Vergangenes Wochenende wurden die Partien von den Kloten-Bülach Jets abgesagt. Grund dafür waren krankheits- oder verletzungsbedingte Ausfälle im Kader der Zürcher. Es wären laut ärztlicher Aufsicht neun Spieler nicht einsetzbar gewesen. Laut Reglement müssten sogar nur sieben ausfallen, um ein Spiel absagen zu dürfen.

Nun gibt es aber zwei pikante Details zur Causa. Erstens wurden diverse Zeugnisse vom gleichen Arzt unterzeichnet, der gleichzeitig auch Klubpräsident ist und zweitens standen für die Jets zwei Partien mit Endspielcharakter um die Playoffs gegen Rychenberg und Unihockey Mittelland an.

Die Vermischung von Clubführung und sportlichem Betrieb ist für den Verband kein Problem. Kommunikationsverantwortliche Monika Reinhard-Brand meint: „Swiss Unihockey hat von den Kloten-Bülach Jets alle notwendigen Arztzeugnisse erhalten. Unsere Weisungen sehen keine Einschränkungen in der Arztwahl vor. Es werden Zeugnisse aller zugelassenen Ärzte akzeptiert.“

Ähnlich ist der Fall im Fussball.
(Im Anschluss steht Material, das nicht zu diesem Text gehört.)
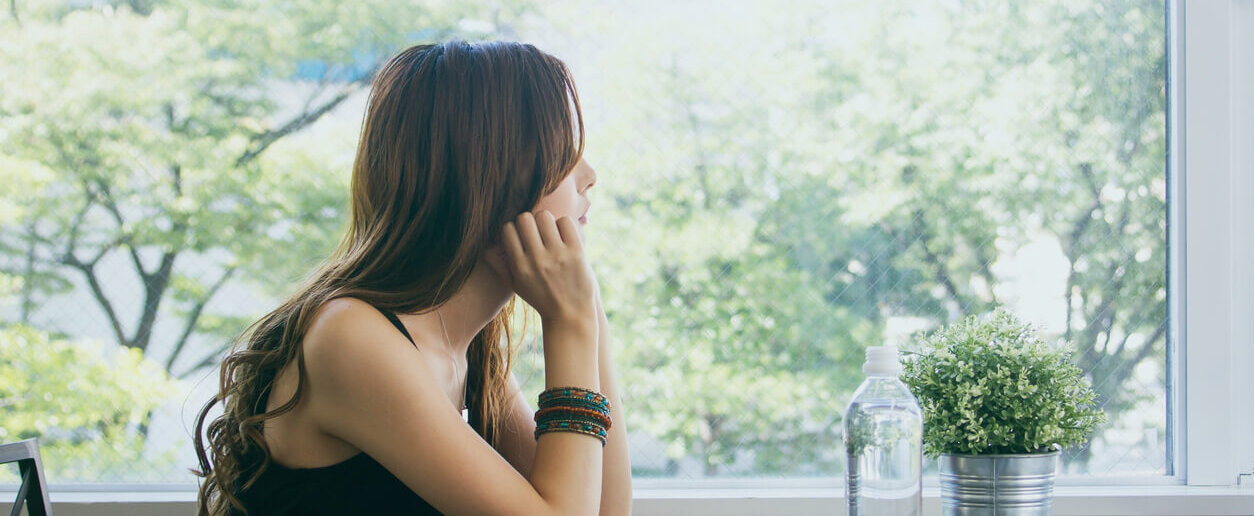 Young woman sitting and peering out the window.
Philippe Guggisberg, Verantwortlicher Kommunikation der Swiss Football League sagt: „Grundsätzlich ist es auch im Fussball möglich, bei ansteckender Krankheit von mindestens sechs Kaderspielern mit der gleichen Diagnose um eine Verschiebung des Meisterschaftsspiels nachzufragen.“ Auf die Klotener Konstellation angesprochen meint er: „Grundsätzlich vertrauen wir unseren Teamärzten. Eine Vermischung der Position des Präsidenten und des Klubarztes ist sehr ungewöhnlich. Die grössere öffentliche Aufmerksamkeit des Fussballs verunmöglicht meiner Meinung nach ein solches Vorgehen.“

So scheint es, dass man dem Fussball wieder einmal hinterher hinkt. Wobei die Swiss Football League froh sein kann, dass Christian Constantin Architekt und nicht Arzt ist. Wer weiss, was dann passieren würde. Von den Kloten-Bülach Jets wollte niemand Stellung nehmen. Einen Vorwurf kann man ihnen nicht machen. Es bleibt zu hoffen, dass man alles für den Sportgeist und die Fairness getan hat.